• Task goal: What is needed is a faithful transcription of all the data below, pictures excluded.

• Recorded information:
Segment Open

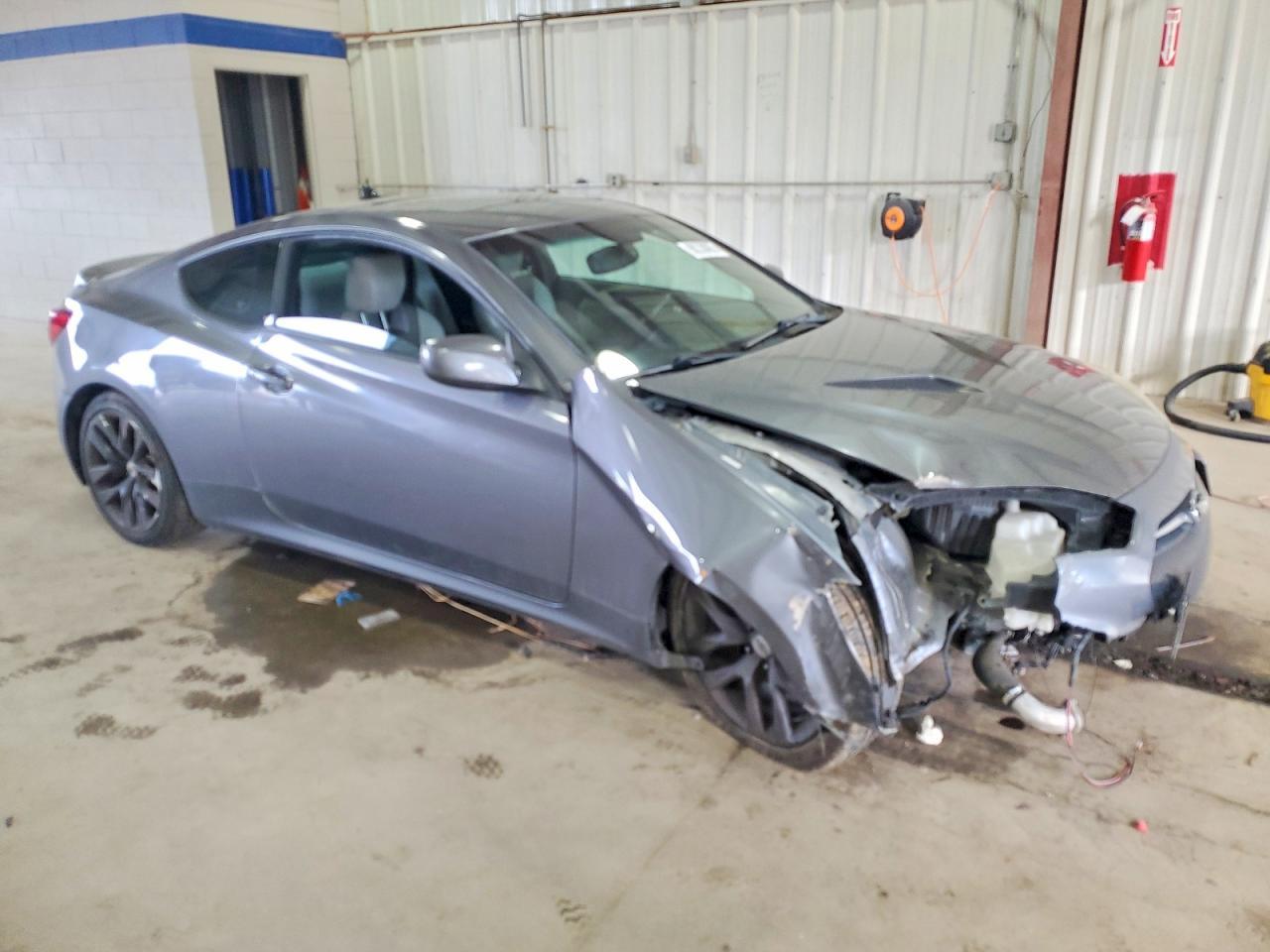 2014 HYUNDAI GENESIS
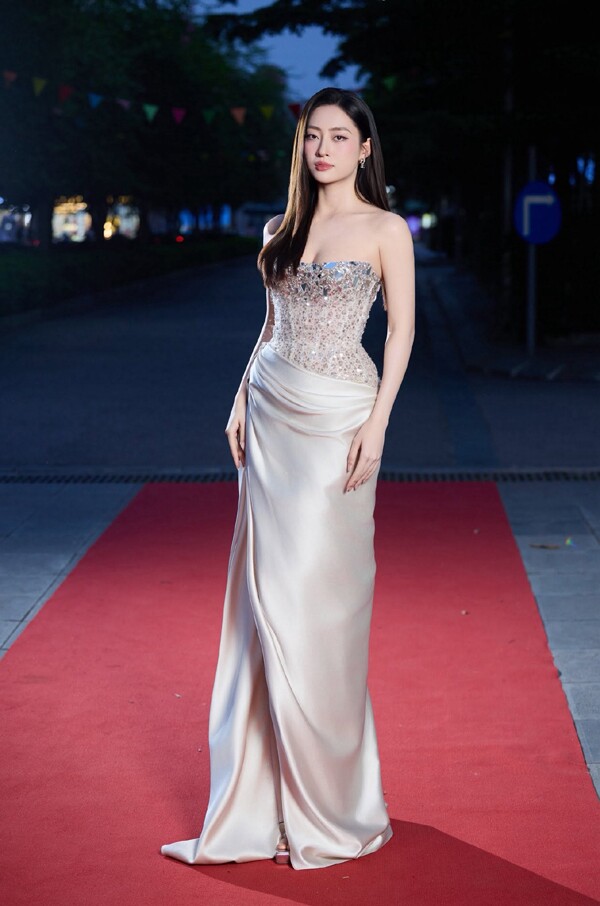 1784527741-02c2a18e1b-luong-thuy-linh-6-502-width600height906 Màn catwalk viral của Lương Thùy Linh - 7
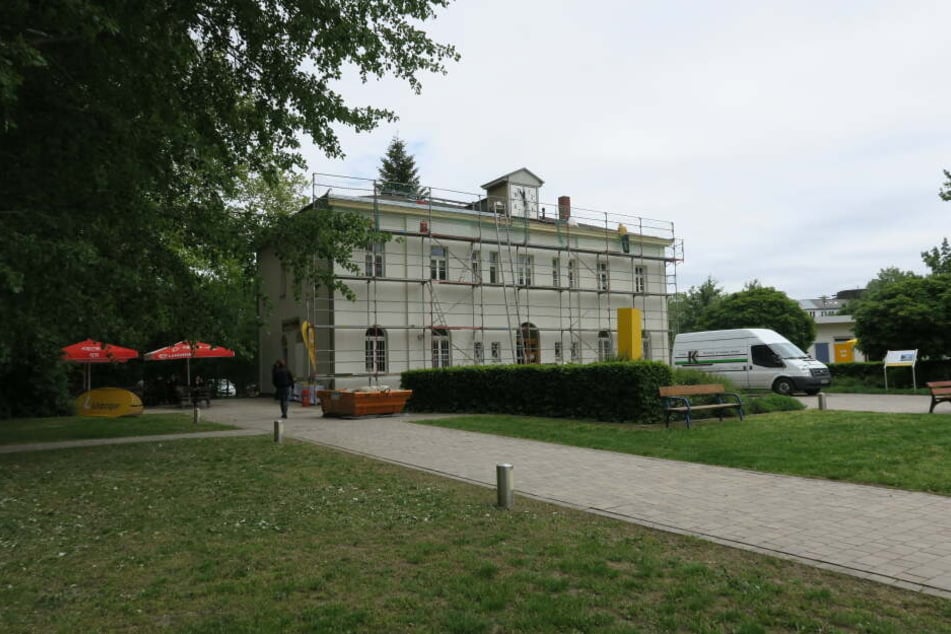 Und auch am historischen Gebäude wurden Reparaturen vorgenommen.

Segment Closed

• Finished task:
 2014 HYUNDAI GENESIS
 1784527741-02c2a18e1b-luong-thuy-linh-6-502-width600height906 Màn catwalk viral của Lương Thùy Linh - 7
 Und auch am historischen Gebäude wurden Reparaturen vorgenommen.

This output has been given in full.